Con Alberti viviría una relación amorosa con muchos altibajos desde 1925 hasta 1930. En el libro de Balló se habla de la relación que existe entre la obra de ambos durante esos años. Cuando rompieron de forma definitiva, porque Rafael había conocido a María Teresa de León, ambos se vetaron en sus vidas. Ni Rafael volvió a mencionar a Maruja y para la familia de ella el gaditano era un tabú al que no se podía hacer referencia. De hecho, menciona Tania Belló, que en la primera edición de la autobiografía de Rafael Alberti no hace ninguna mención a Maruja, como si nunca hubiera existido. No es sino hasta que escribe un artículo titulado «Las hojas que faltan», en 1985, cuando la menciona y reconoce su encanto y su talento.

Y es que Maruja tenía encanto y unas ganas de vivir de las que son dignas de admiración. Con toda la troupe de amigos, sus hermanos y la escritora Concha Méndez, se dedicaban a recorrer la noche madrileña, todos sus barrios y a divertirse de la mejor forma posible. Resultado de esas correrías son obras como «Verbena» un cuadro colorido plagado de figuras y hermoso que contagia frescura y vitalidad y que podéis visitar en el Museo Reina Sofía.

En el año 1928, Maruja realizó su primera exposición individual en las salas de la Revista de Occidente invitada por Ortega y Gasset, su éxito fue fulminante y posiblemente fue de las pocas pintoras que fueron reconocidas de igual a igual con los varones de la época. Entre sus admiradores Federico García Lorca y Ramón Gómez de la Serna. En 1930, Maruja viajó a París con una beca para estudiar escenografía. Allí logró organizar una exposición individual que tuvo muchísimo éxito. Regresa a España y adopta una imagen que llama la atención de todo el que la rodea.

A mediados de los treinta abandona el surrealismo y pasa a pintar elementos en los que predominan los paisajes y habitantes del campo. Se la relaciona entonces con la Escuela de Vallecas. Durante la República imparte clases como profesora de dibujo en el instituto de Arévalo, donde pasó un par de años dando bastante que hablar, para regresar nuevamente a Madrid.

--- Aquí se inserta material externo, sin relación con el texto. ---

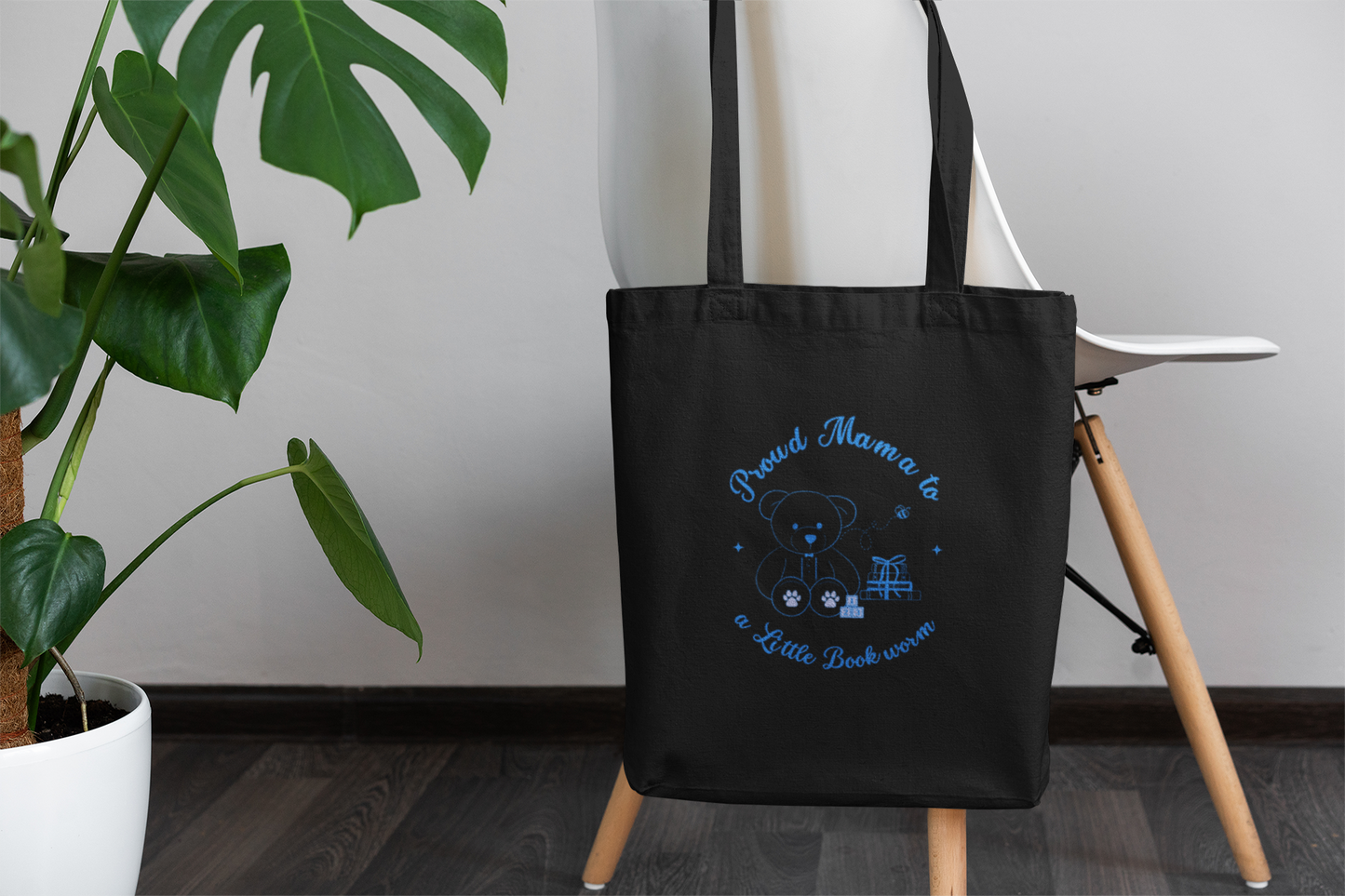 Proud Mama to a Little Bookworm Blue Cotton Bookish Tote Bag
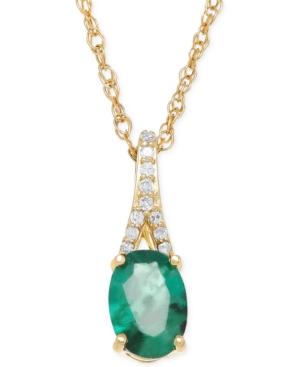 Emerald (7/8 Ct. T.w.) And Diamond Accent Pendant Necklace In 10k Gold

Inicia entonces una relación sentimental y de colaboración artística con Miguel Hernández. Con él viajó por España y según ella misma relataba, fueron los precursores del autostop. El poeta le dedicó una de sus obras más conocidas, El rayo que no cesa. Su relación amorosa terminó sin sobresaltos.

El compromiso social de Maruja va en aumento y cuando estalla la guerra civil está unida a un conocido sindicalista. Huye a Vigo donde se esconde varios meses. Desde allí cuenta para La Vanguardia, los fusilamientos y horrores que está viviendo la población. Finalmente recibe una invitación urgente para viajar a Argentina, hacía donde llegó a través de Portugal, protegida por Gabriela Mistral que le consigue la documentación necesaria para que embarque hacía Argentina. Allí vivirá varios años, también en Montevideo y Nueva York.

En 1965 regresa a España. Nadie se acordaba de ella. El peso del franquismo durante veinticinco años había sido más que suficiente para eliminarla de la memoria del público y críticos. Sin amigos, sólo su familia le ofrecía un refugio sentimental. No es sino hasta la democracia cuando se retoma su obra y artistas, como Almodóvar o Madonna, la reivindican y adquieren obras suyas. Maruja se maquilla en exceso, se convierte en una anciana extravagante, lo que tampoco es de extrañar, pues su imagen había sido siempre muy potente.

Reconozco que hay una cosa que me fastidia cuando veo cantidad de chicas con una camiseta de Frida Khalo a modo de reivindicación del feminismo y es que da la sensación de que no tienen ni idea de quien fue Maruja Mallo que desde mi punto de vista fue una persona mucho más vitalista, feminista y arrobada, que la pintora mexicana. Si tengo que buscarme una camiseta lo tengo claro, prefiero cien veces a Maruja Mallo en cualquiera de sus versiones.